The difficulty with drawing an image into focus can itself be a metaphor for looking to the future. In reflecting on the relationship between reality and its perception, Federica Francesconi (born Milan, 1994) creates paintings dotted with shadows that appear to deceive like the Platonic myth of the cave. They are projections of reality yet they detach themselves from it, the extent to which is not known. The imperceptible and the uncertain becomes a powerful image of a future whose contours, but not substance, are loosely perceived. Equally uncertain is the image from the video Struggle for Life by Irene Fenara (born Bologna, 1990): the first piece made by the artist using the technology of surveillance cameras talks about reaching for the sky, a notion that is constantly betrayed by the settings of a machine that lead us to look back down. In this case, the projection towards the future seems to clash with the weight of a present that does not leave wide escape routes.

Finally, we have the star of the Planetario by Gabriella Siciliano (born Naples, 1990), another invitation to look at the sky but this time with the enchanted gaze of children, which through a shimmering plastic surface is able to see the beauty of the cosmos, of infinite worlds and possibilities. As in many works by Siciliano, the lightness of the vision is struck by a sense of melancholy, projecting us into a celebration that, despite not having begun, seems to have already ended. One therefore wonders whether the impulse to predict and tell the story of the future is not in fact another opportunity to deal with our individual and existential fragilities that are shared and deeply anchored to the present. If the memory of the past lives on in the power of its architectural structures that have reached us, it is perhaps best, in the absence of a properly ‘constructive’ thrust, to rely on these structures to find the right impetus and imagine tomorrow.

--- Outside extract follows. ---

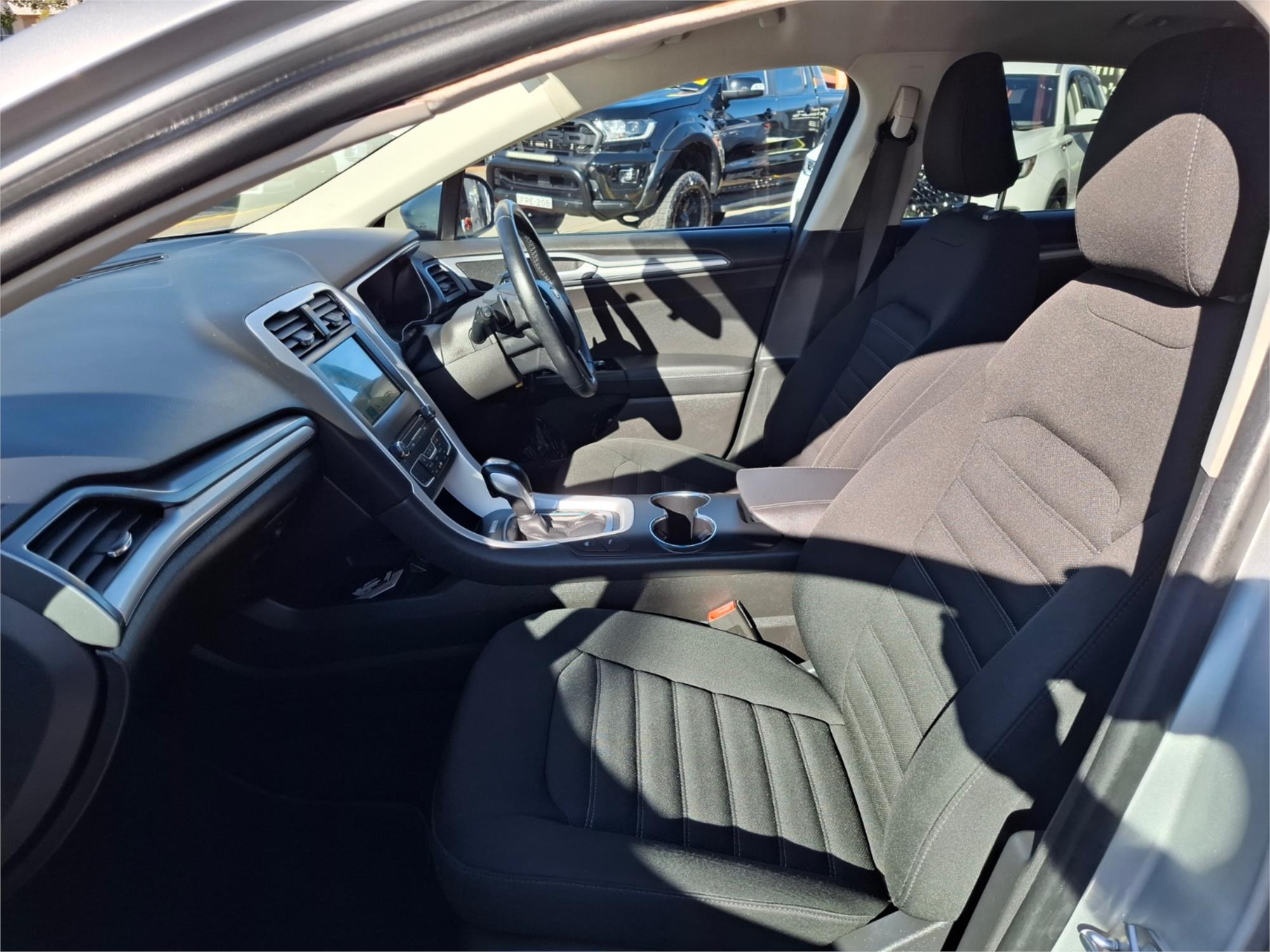 2018 FORD MONDEO MD MY18.25 AMBIENTE 6 SP AUTOMATIC 5D HATCHBACK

[1]Unmonumental is actually an exhibition split into three acts curated by Richard Flood, Laura Hoptman and Massimiliano Gioni and dedicated to the concept of unmonumentality in the field of sculpture, of two-dimensional works and sound: Unmonumental. The Object in the 21st Century (1 December 2007 – 30 March 2008); Collage: The Unmonumental Picture (16 January – 30 March 2008) and The Sound of Things: Unmonumental Audio (13 February – 30 March 2008).

[2] A. Troncone, “Archaeology of an Unwritten History The Artwork as an Artefact of the Future”, inQuaderni d’arte italiana III, September 2022, pp. 62-69; Ead., Costruire la memoria disfacendo la materia. Appunti per un’archeologia del futuro, essay for the exhibition of the series Paesaggio of La Quadriennale di Roma, Palazzo Braschi, Rome, 19 November 2022 – 15 January 2023, with works by Alessandro Biggio and Antonio Fiorentino.

[3]Z. Bauman, Liquid Times: Living in an Age of Uncertainty, Polity, 2007; J. Butler, Precarious Life: The Powers of Mourning and Violence, Verso, 2004; R. Sennett, The Corrosion of Character, The Personal Consequences Of Work In the New Capitalism, Norton, 1998; L. Caffo, Fragile umanità. Il postumano contemporaneo, Einaudi, 2017.

[4]  The Generational. Younger Than Jesus, curated by Laura Cornell, Massimiliano Gioni, Laura Hoptman, New Museum of Contemporary Art, New York, 8 April-14 June 2009.

[5]  L. Caffo, Fragile umanità. Il postumano contemporaneo, Einaudi, 2017, pp. 55-61.